Pictures aside, each record should be reproduced exactly.

(Stored items from a collection)
**********
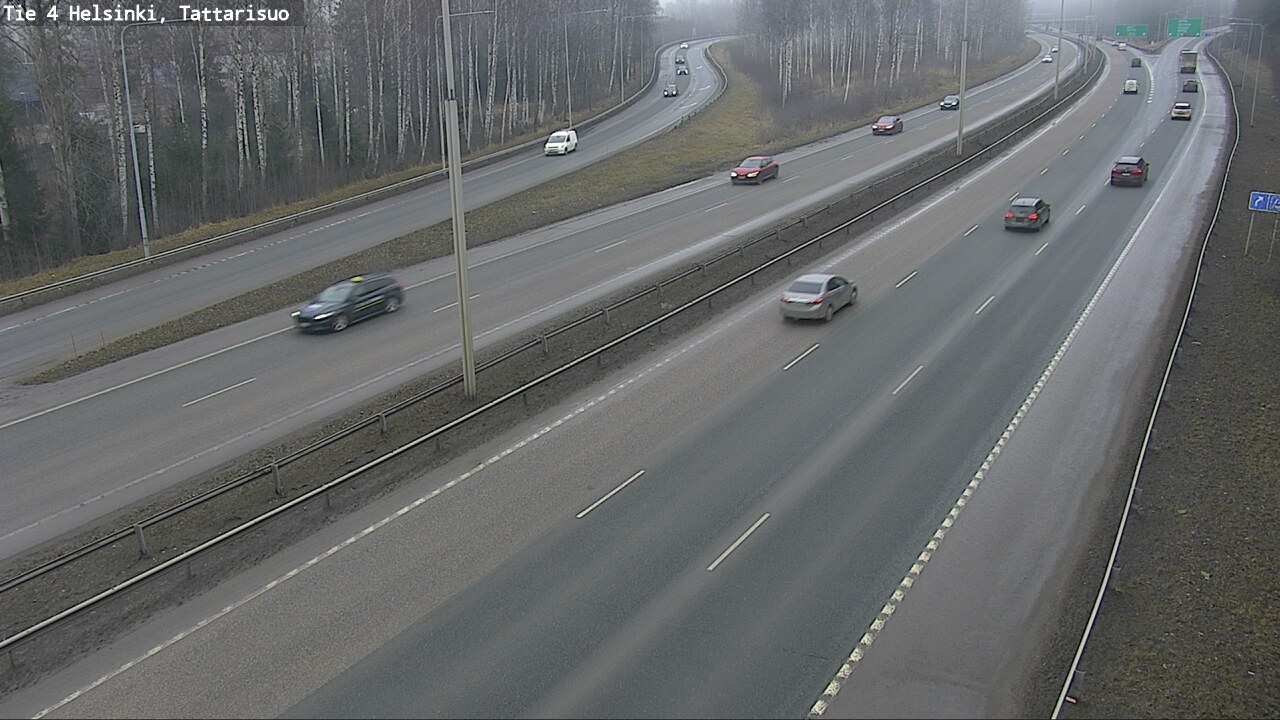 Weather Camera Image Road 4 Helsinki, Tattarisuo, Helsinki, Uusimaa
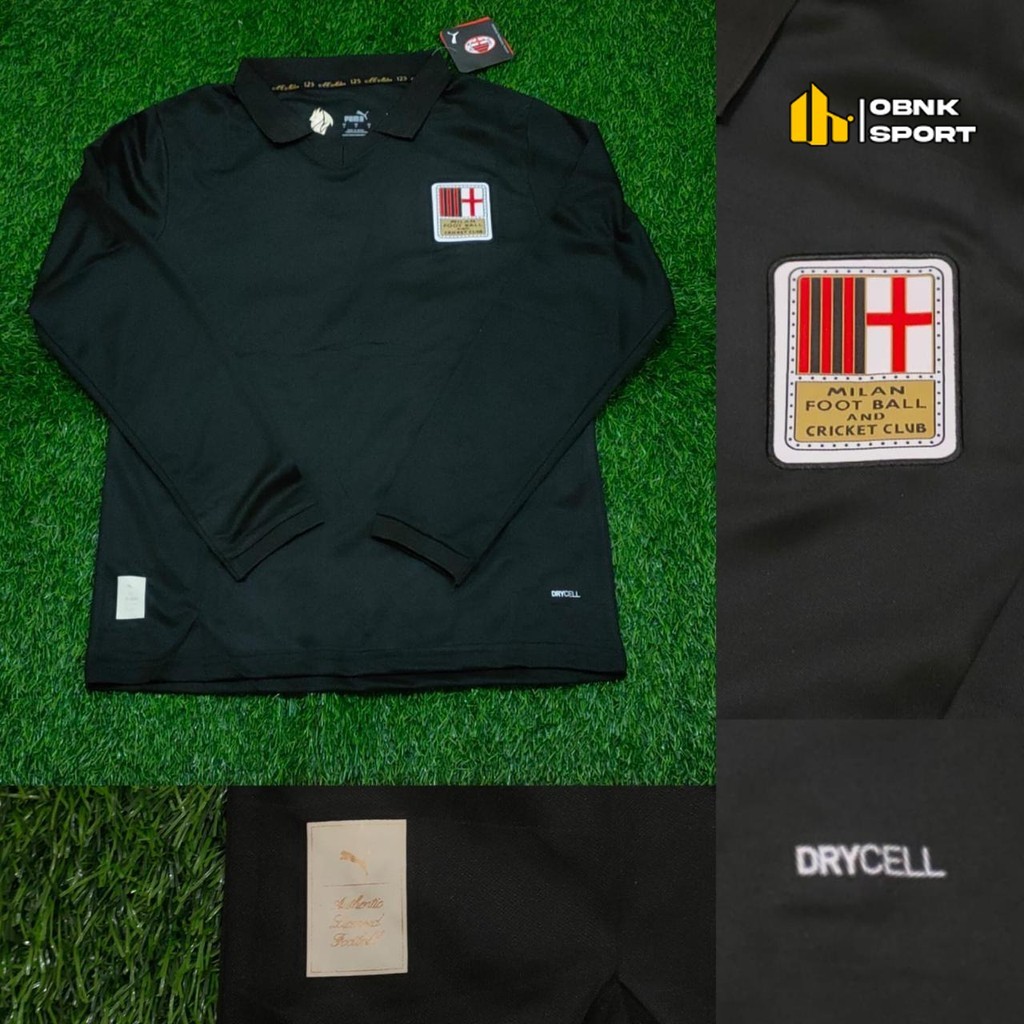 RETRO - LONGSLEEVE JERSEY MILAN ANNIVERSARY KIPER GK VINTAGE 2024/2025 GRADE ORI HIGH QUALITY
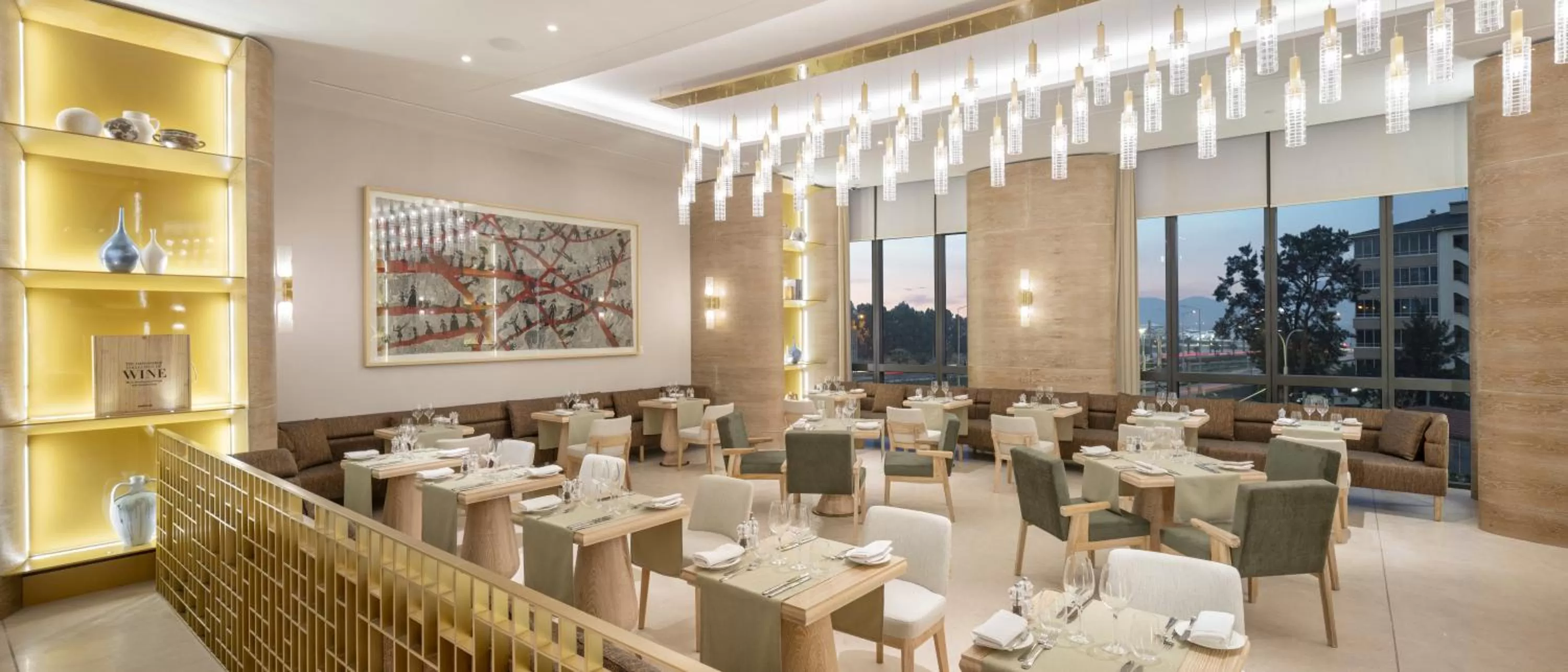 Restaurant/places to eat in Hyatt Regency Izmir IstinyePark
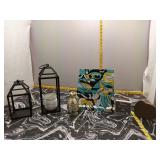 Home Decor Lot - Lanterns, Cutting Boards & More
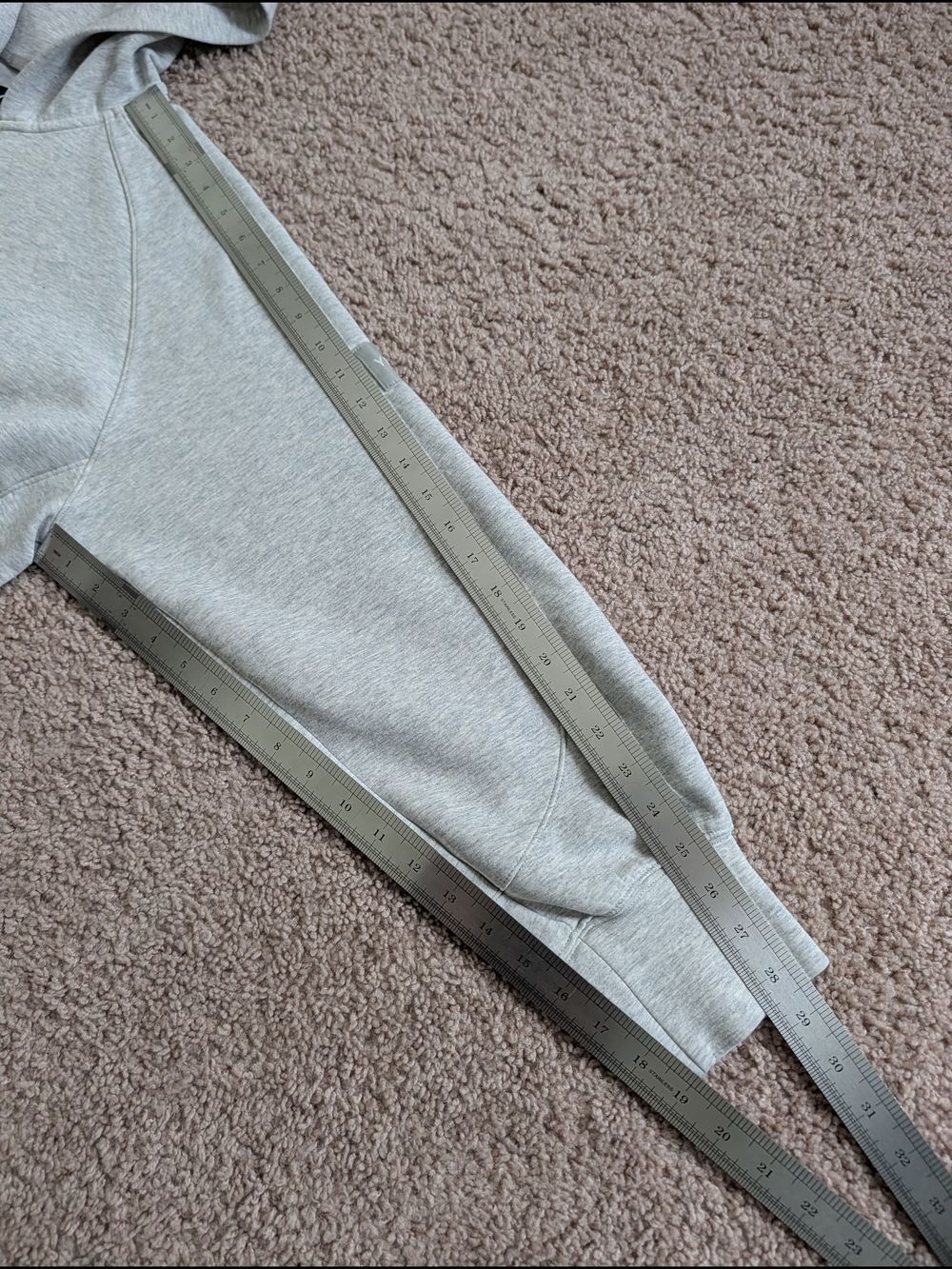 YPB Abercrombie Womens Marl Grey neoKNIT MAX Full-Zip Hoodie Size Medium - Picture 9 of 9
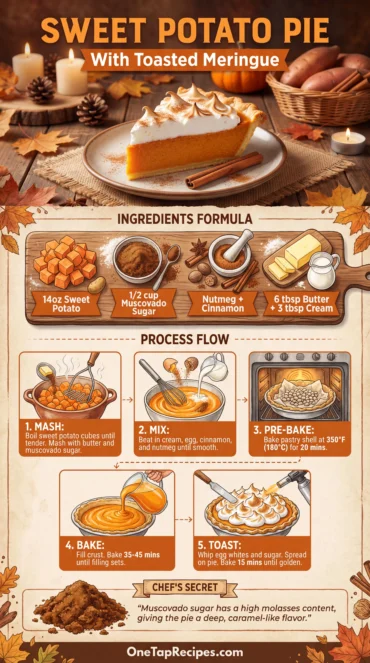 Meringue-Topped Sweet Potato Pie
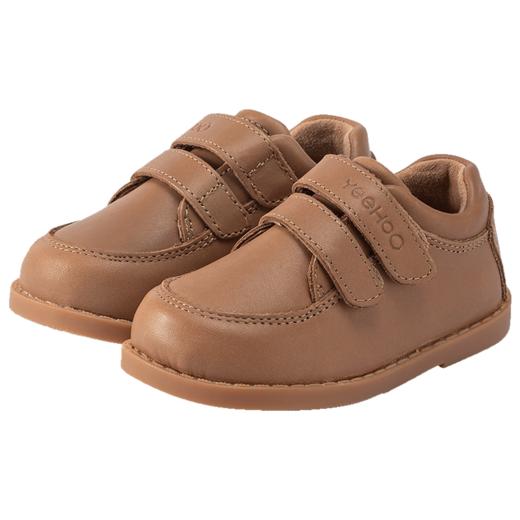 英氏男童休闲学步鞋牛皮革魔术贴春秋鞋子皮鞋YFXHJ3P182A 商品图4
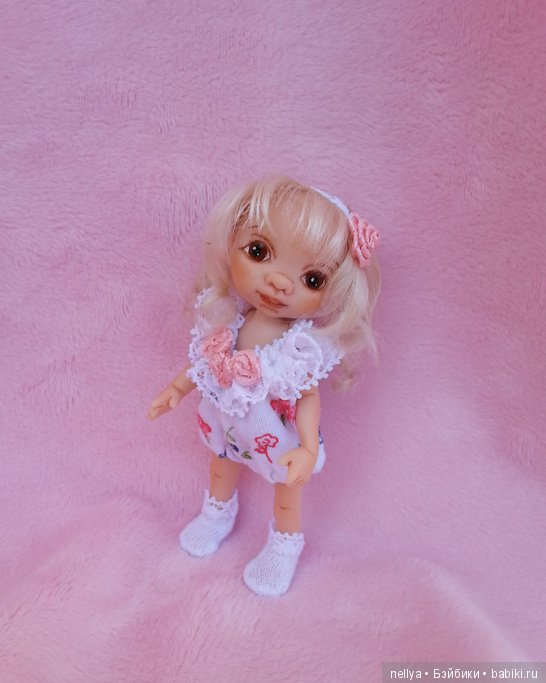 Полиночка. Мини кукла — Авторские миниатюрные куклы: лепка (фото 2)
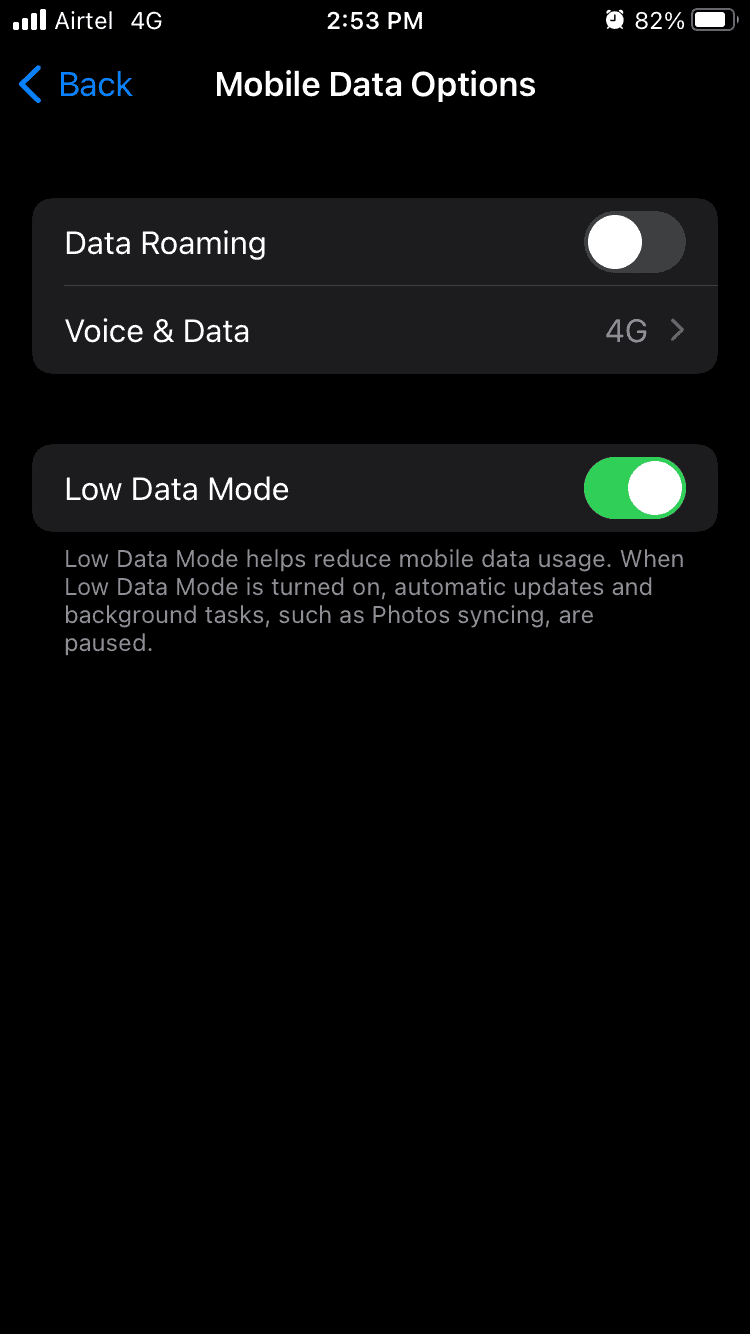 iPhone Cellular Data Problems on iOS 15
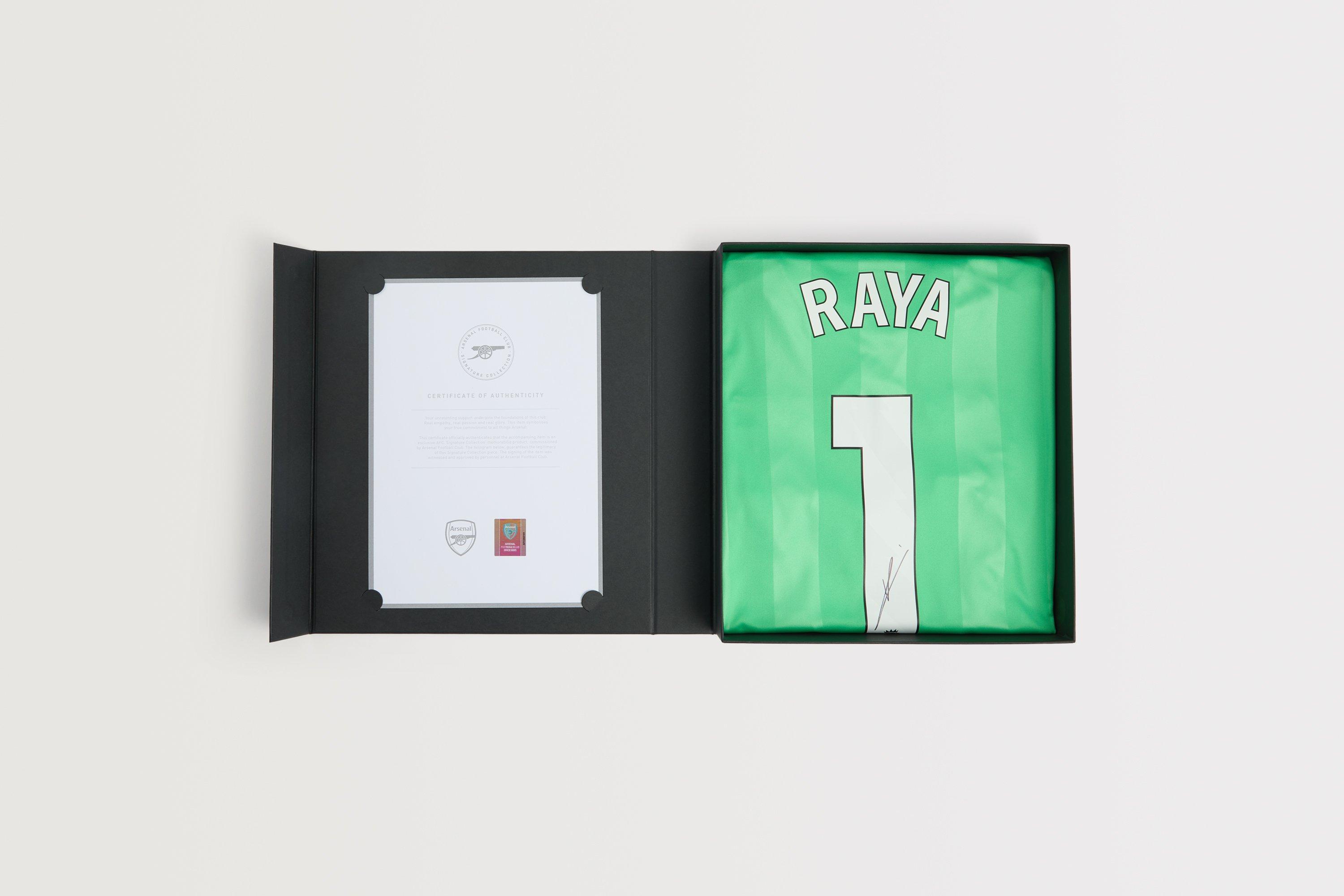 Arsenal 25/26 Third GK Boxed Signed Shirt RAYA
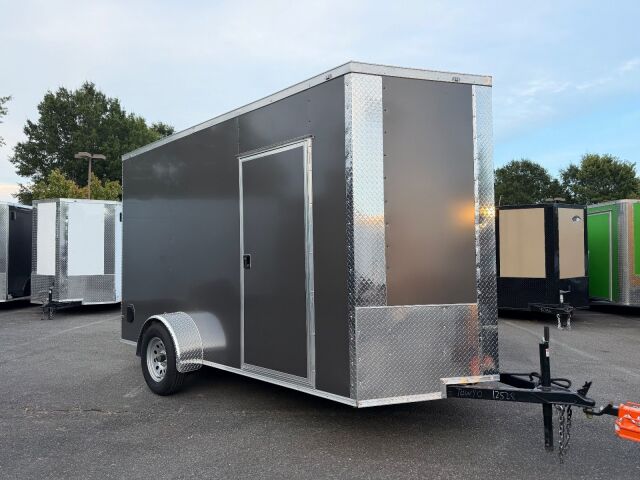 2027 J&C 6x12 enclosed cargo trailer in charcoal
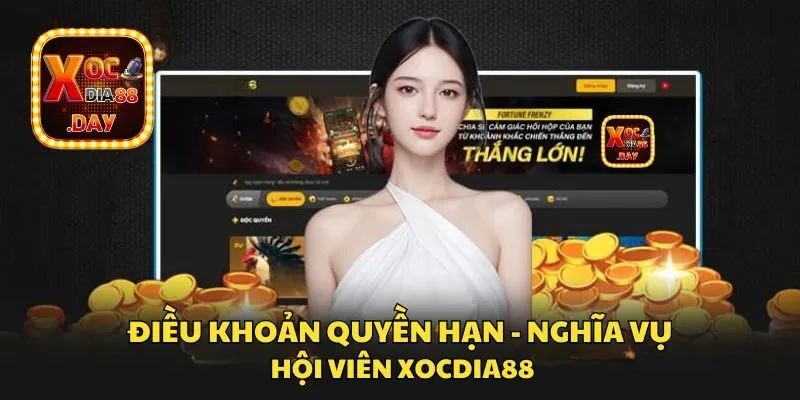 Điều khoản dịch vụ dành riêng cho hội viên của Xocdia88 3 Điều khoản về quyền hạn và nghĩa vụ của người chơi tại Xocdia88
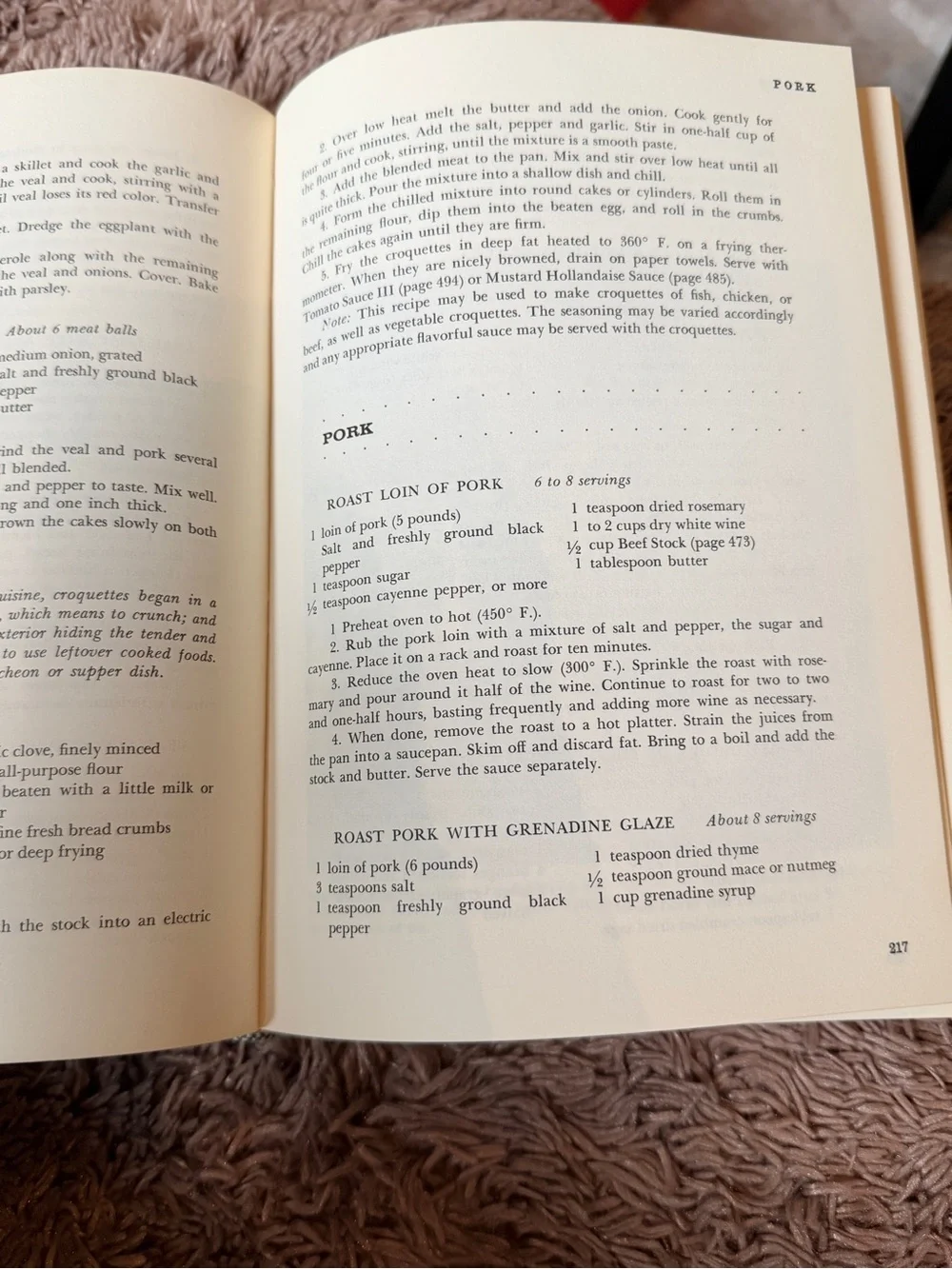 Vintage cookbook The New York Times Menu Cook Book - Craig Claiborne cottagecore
**********
Your solution:
 Weather Camera Image Road 4 Helsinki, Tattarisuo, Helsinki, Uusimaa
 RETRO - LONGSLEEVE JERSEY MILAN ANNIVERSARY KIPER GK VINTAGE 2024/2025 GRADE ORI HIGH QUALITY
 Restaurant/places to eat in Hyatt Regency Izmir IstinyePark
 Home Decor Lot - Lanterns, Cutting Boards & More
 YPB Abercrombie Womens Marl Grey neoKNIT MAX Full-Zip Hoodie Size Medium - Picture 9 of 9
 Meringue-Topped Sweet Potato Pie
 英氏男童休闲学步鞋牛皮革魔术贴春秋鞋子皮鞋YFXHJ3P182A 商品图4
 Полиночка. Мини кукла — Авторские миниатюрные куклы: лепка (фото 2)
 iPhone Cellular Data Problems on iOS 15
 Arsenal 25/26 Third GK Boxed Signed Shirt RAYA
 2027 J&C 6x12 enclosed cargo trailer in charcoal
 Điều khoản dịch vụ dành riêng cho hội viên của Xocdia88 3 Điều khoản về quyền hạn và nghĩa vụ của người chơi tại Xocdia88
 Vintage cookbook The New York Times Menu Cook Book - Craig Claiborne cottagecore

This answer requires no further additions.